Winter is the season of high incidence of epilepsy, and cold air stimulation is easy to induce epilepsy, so epileptic patients should pay attention to keep warm.
Daily activities
Maintain adequate sleep.
Epileptic patients should not do dangerous sports, such as swimming, mountaineering, parachuting, skiing, diving and so on.
Try to avoid occupations such as working at heights and driving.
In order to avoid patients from developing bad emotions such as self-isolation, anxiety and depression, they can do appropriate activities such as bowling, ping-pong, jogging, walking, yoga, etc. with someone accompanying them.

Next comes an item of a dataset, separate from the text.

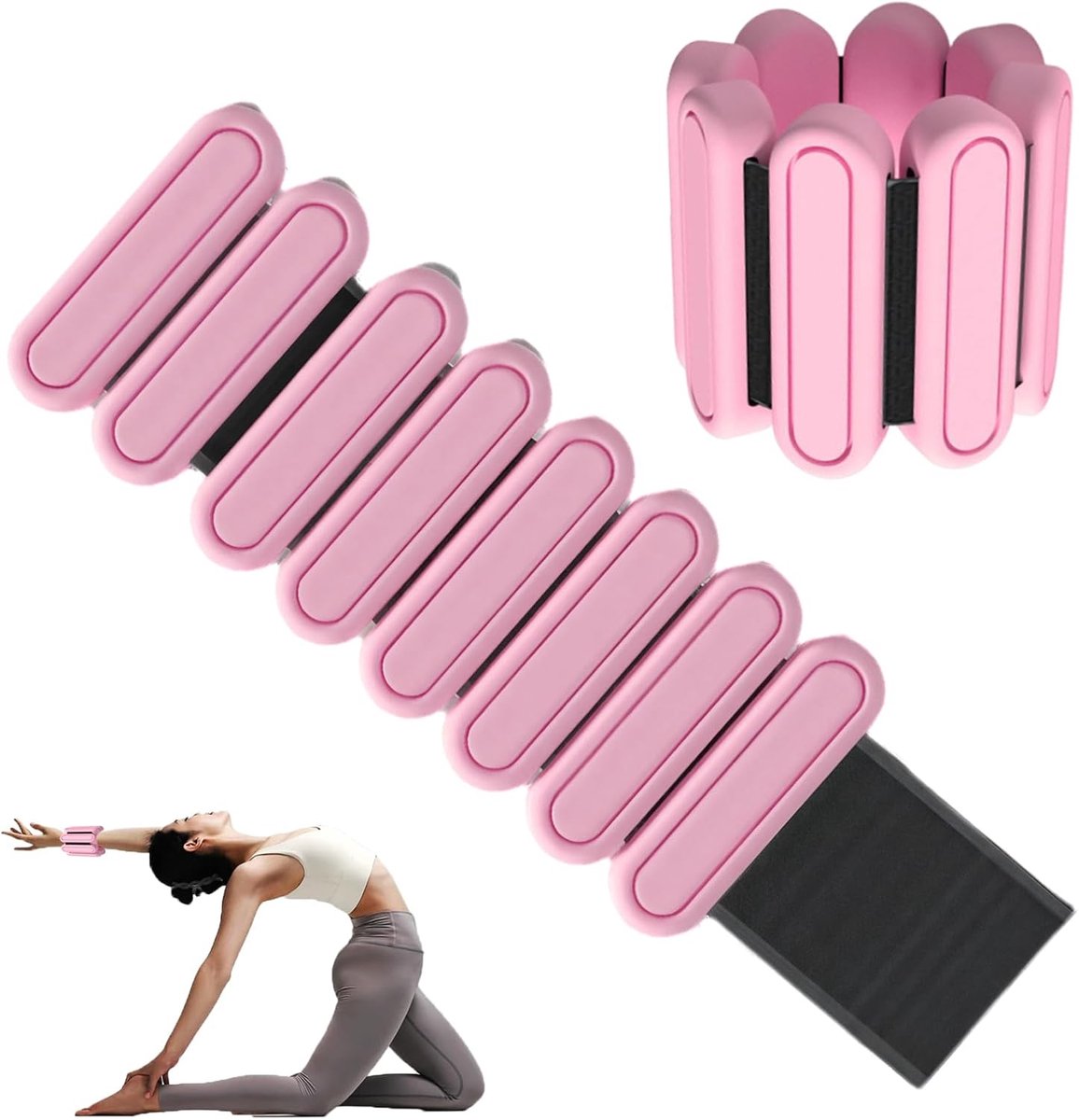 2 Stukken Enkelgewichten 900G, Verstelbare Polsgewichten voor Yoga, Pilates, Dans, Barre, Cardio, Krachttraining, Aerobic en Wandelen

Listening to music, playing the piano, painting, calligraphy, doing handicrafts, meditating, conducting psychological counseling, and attending parties can also stabilize the patient’s mood and cultivate his or her emotions to a certain extent.
Adherence to medication
Take medication on time, according to the amount and regularity, avoid missing doses, and do not stop, reduce or change medication without authorization.
If patients have poor adherence to medication, it is mostly because they are afraid of adverse drug reactions, forget to take the medication, or think that they can stop taking the medication if they do not have seizures for a period of time.
The following methods can help improve patients’ medication adherence: strengthening the monitoring of side effects, keeping a medication record, using dated pill boxes, and using reminder notes and alarm clocks.
Keep a record of your condition and review your medication regularly
Patients or their family members can keep accurate records of the form, frequency and duration of seizures by means of taking videos with cell phones and video recording devices, keeping diaries or journals, etc. This will help doctors understand the condition of the patient and the effectiveness of treatment, and can better assist them in formulating and adjusting treatment plans.
Generally, for the first 3 months after taking the medication, the examination is repeated every month; after taking the medication for 3 months, the examination is repeated at regular intervals of 3 to 6 months. If the seizures are well controlled, the EEG is usually rechecked once a year.
Prevention
Regular use of medication
Take antiepileptic drugs strictly according to the doctor’s prescription, and do not change the dosage or medication at will.
Protect yourself and actively treat the primary disease
Actively treat diseases that may cause seizures.
Avoid head trauma.
Avoid stimuli to minimize seizures
Patients who experience seizures in response to specific stimuli should avoid stimulus triggers to help prevent seizures from recurring. For example, avoid eating irritating foods, avoid consuming alcoholic beverages, caffeine, nicotine, etc.; avoid too strenuous exercise, and should try to avoid emotional tension and excessive stress.